Created on 31 Jul 2019 · 8Comments · Source: pytorch/fairseq

Thanks for the RoBERTa.
I want to fine tune the model on SQuAD dataset, but I couldn't find the detail script and some codes for that. Do you will give something about that?

enhancement

Source

kugwzk

Most helpful comment

I followed the hyper parameters in the roBERTa paper, using fairseq to train roBERTa on SQuAD task.
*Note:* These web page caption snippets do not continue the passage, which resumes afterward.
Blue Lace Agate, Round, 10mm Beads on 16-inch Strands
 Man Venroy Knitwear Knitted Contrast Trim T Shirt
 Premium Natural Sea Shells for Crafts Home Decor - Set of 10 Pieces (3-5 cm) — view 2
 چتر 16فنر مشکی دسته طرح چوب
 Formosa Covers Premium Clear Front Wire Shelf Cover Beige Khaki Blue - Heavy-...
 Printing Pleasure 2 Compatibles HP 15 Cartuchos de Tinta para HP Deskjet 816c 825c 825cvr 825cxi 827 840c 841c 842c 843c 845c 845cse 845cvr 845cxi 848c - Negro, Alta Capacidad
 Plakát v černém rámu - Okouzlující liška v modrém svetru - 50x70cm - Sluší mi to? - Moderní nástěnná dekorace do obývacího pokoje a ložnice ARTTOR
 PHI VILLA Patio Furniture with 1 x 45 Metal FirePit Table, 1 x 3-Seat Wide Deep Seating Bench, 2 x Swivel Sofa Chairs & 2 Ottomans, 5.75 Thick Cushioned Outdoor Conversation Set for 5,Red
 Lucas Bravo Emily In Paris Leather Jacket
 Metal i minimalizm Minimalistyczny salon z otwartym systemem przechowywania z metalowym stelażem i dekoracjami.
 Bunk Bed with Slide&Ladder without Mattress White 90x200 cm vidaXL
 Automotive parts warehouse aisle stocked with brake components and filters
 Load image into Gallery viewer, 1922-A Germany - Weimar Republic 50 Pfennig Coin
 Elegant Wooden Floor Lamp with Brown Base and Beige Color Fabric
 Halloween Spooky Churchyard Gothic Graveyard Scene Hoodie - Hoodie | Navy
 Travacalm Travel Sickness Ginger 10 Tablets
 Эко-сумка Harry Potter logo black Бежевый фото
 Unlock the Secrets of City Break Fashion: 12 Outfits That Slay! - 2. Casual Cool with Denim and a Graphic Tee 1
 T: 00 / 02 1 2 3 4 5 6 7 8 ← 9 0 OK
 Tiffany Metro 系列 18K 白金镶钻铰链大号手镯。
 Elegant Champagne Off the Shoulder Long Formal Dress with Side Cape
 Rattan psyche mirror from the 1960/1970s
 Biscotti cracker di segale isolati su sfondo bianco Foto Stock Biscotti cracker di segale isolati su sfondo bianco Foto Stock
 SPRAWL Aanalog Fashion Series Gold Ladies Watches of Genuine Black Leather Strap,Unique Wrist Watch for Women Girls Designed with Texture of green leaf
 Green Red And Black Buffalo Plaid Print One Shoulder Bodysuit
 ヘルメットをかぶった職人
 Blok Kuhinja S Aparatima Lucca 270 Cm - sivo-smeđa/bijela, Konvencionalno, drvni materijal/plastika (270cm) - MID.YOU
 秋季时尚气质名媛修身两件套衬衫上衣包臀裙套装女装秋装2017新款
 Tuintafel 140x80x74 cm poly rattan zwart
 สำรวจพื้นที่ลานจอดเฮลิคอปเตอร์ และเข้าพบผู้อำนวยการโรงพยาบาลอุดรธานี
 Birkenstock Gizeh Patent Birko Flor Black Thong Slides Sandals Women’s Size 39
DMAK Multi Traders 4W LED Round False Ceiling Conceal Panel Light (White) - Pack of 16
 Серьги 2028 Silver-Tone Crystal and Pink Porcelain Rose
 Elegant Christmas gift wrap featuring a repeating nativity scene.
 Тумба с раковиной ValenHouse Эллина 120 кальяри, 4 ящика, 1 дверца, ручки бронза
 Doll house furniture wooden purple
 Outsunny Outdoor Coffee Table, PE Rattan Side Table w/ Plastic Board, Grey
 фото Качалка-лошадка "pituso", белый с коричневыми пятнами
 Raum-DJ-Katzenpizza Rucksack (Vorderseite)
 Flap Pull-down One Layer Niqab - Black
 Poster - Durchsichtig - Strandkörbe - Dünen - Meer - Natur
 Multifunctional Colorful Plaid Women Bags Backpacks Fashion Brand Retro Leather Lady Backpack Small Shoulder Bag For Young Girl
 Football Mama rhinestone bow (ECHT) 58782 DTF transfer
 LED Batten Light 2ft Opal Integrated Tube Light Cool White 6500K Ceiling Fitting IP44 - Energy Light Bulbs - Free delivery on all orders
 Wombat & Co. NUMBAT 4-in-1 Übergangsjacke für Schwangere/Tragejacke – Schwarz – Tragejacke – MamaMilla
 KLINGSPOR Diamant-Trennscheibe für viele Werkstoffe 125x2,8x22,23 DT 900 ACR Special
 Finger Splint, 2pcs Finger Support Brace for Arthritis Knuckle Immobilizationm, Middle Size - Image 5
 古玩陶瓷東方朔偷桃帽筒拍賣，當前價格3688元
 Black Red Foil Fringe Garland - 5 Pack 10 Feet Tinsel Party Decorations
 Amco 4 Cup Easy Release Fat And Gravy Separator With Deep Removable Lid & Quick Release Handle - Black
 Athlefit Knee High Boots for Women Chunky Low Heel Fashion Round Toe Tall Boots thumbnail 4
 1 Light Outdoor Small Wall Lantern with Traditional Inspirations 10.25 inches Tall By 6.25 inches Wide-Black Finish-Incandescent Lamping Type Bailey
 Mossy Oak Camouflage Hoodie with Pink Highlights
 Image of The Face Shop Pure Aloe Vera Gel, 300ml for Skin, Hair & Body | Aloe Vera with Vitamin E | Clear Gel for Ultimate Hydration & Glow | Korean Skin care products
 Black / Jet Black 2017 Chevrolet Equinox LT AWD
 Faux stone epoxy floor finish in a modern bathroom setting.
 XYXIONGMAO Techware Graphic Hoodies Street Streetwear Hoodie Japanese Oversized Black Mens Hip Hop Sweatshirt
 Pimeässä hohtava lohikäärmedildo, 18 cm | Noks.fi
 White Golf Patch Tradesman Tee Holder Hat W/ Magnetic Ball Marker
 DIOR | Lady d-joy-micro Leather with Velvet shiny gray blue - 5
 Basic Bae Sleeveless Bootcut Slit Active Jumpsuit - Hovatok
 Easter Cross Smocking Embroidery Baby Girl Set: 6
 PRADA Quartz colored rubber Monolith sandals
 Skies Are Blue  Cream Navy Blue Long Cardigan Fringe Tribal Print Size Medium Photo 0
Input representation: <s> Passage here. </s> Q: Question here? </s>

Effective Batch Size:   48 

Batch Size per GPU:     3 
No. of GPU:             8 
Update Freq.:           2

Max Epochs:             2
Total No. of Updates:   5430
Warmup ratio:           0.06
Warmup Updates:         326

Learning Rate:          1.5e-5 
Weight Decay:           0.01 
Learning Rate Decay:    Linear
Adam eps:               1e-6

I got the following evaluation:

{
  "best_exact": 85.21014065526826,
  "best_exact_thresh": -1.6142578125,
  "best_f1": 88.29940280085873,
  "best_f1_thresh": -1.572265625
}

Some distance from 89.4 in the paper :(

Did I miss something? Thank you for the great work!

Link to the repo in case anyone is interested before the official code is available and let's learn pytorch and fairseq! (my code is a bit of hacky though as I am new here)
https://github.com/ecchochan/roberta-squad

ecchochan on 9 Sep 2019

👍7 🎉4

All 8 comments

Yes, we will provide scripts and a README for SQuAD finetuning soon.

myleott on 1 Aug 2019

any update?

Damcy on 28 Aug 2019

Sorry, we still need to refactor and cleanup the code. We will release it, but in the meantime you can try using the SQuAD finetuning for RoBERTa in pytorch-transformers.

myleott on 29 Aug 2019

I followed the hyper parameters in the roBERTa paper, using fairseq to train roBERTa on SQuAD task.

Input representation: <s> Passage here. </s> Q: Question here? </s>

Effective Batch Size:   48 

Batch Size per GPU:     3 
No. of GPU:             8 
Update Freq.:           2

Max Epochs:             2
Total No. of Updates:   5430
Warmup ratio:           0.06
Warmup Updates:         326

Learning Rate:          1.5e-5 
Weight Decay:           0.01 
Learning Rate Decay:    Linear
Adam eps:               1e-6

I got the following evaluation:

{
  "best_exact": 85.21014065526826,
  "best_exact_thresh": -1.6142578125,
  "best_f1": 88.29940280085873,
  "best_f1_thresh": -1.572265625
}

Some distance from 89.4 in the paper :(

Did I miss something? Thank you for the great work!

ecchochan on 9 Sep 2019

👍7 🎉4

Hi! Thanks for all the RoBERTa usage examples. I wonder if we can expect SQuAD finetuning example anytime soon?
I've been experimenting with adding different intermediate finetuning tasks to RoBERTa and I'm seeing some interesting results on GLUE. It would be great if I could test my approach on SQuAD as well.
By the way, GLUE finetuning example is awesome!

OlegPlatonov on 3 Nov 2019

@yinhanliu

myleott on 17 Dec 2019

Any update?

motefly on 7 May 2020

This is one of the most important benchmark for question answering. The reproduction of the SOTA number is very useful to help the community to further improve accuracy. Would be appreciated if you can make the fine-tuning script available soon. Thanks!